GameStop Corp. and 3D Systems Corp. led a 7.6 percent drop last month in an index of 50 U.S. companies with thehighest short interest, the biggest retreat since 2012, according to data compiled by Goldman Sachs Group Inc. and Bloomberg. The gauge has fallen 1.7 percent this year, making money for investors who bet on declines even as the Standard & Poor’s 500 Index is up 4.8 percent.
Bearish investors are finding profitable targets in a market that had moved higher virtually in unison for two years, helped by prospects for rising interest rates and military conflicts from Ukraine to Israel and Iraq. While hedge funds wagering on stock drops have lost money almost every year since 2009, managers such as David Einhorn and Andy Redleaf are increasing bets against companies such as Athenahealth Inc. and Salesforce.com Inc.
“Stocks have started on a bearish trend and we don’t yet have signs of a bottom,” Frank James, who oversees $5.3 billion as the founder of James Investment Research Inc., said by phone on Aug. 6. “Short selling will do pretty well so long as we retain a bearish trend. It’s time to be careful.”
Wall Street is likely to be somewhat more volatile going forward, now that bear traders have re-emerged from hiding. However, unleveraged investors have little to fear from this. In fact, it is a healthier environment for the market.

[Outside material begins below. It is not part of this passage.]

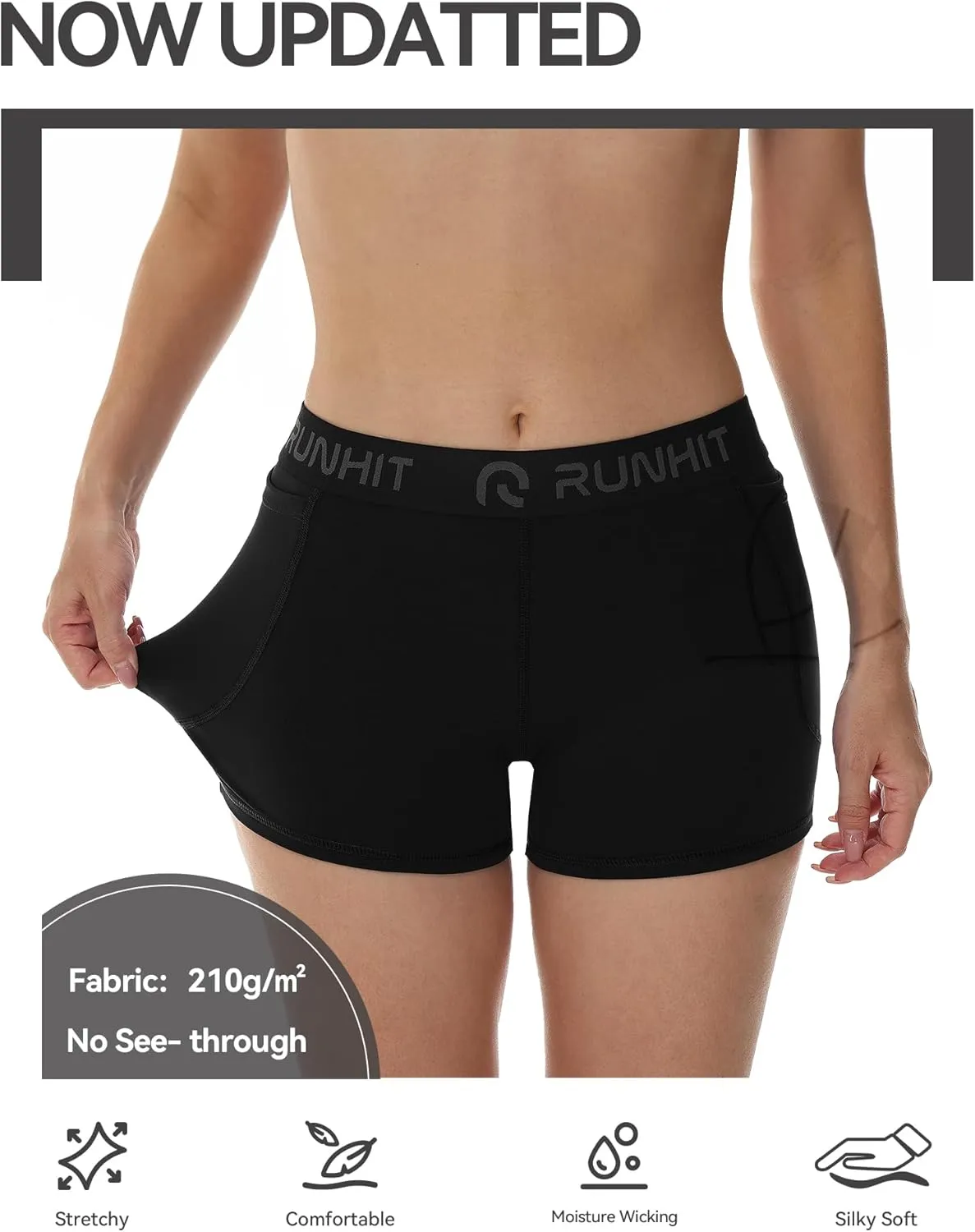 Runhit 3" Volleyball Shorts Womens 3 Pack Compression Shorts for Women Spandex Shorts Women Workout Athletic Yoga Gym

Markets which back and fill in a somewhat wider range than we saw from February through July of this year, prevent technically overbought conditions from reaching extreme levels. Persistent, let alone accelerating advances over many months will alarm central bankers even more than they worry experienced investors. Central banks will understandably fear overly leveraged market bubbles which can also trigger inflationary concerns. If so, they will raise interest rates to curb market speculation. Cyclical bear markets can easily follow.
We can be reasonably certain that if the S&P 500 Index had continued to move sharply higher, the US Federal Reserve would have been under greater pressure to bring interest rate increases forward. Persistent momentum moves have an understandable allure but they are also dangerous, as you will see by scanning long-term charts for any indices or individual instruments.
The S&P has yet to lose its uptrend consistency. Nevertheless, its current yield of 1.95% tells us that it has fulfilled a considerable amount of short to medium-term upside potential since January 3013.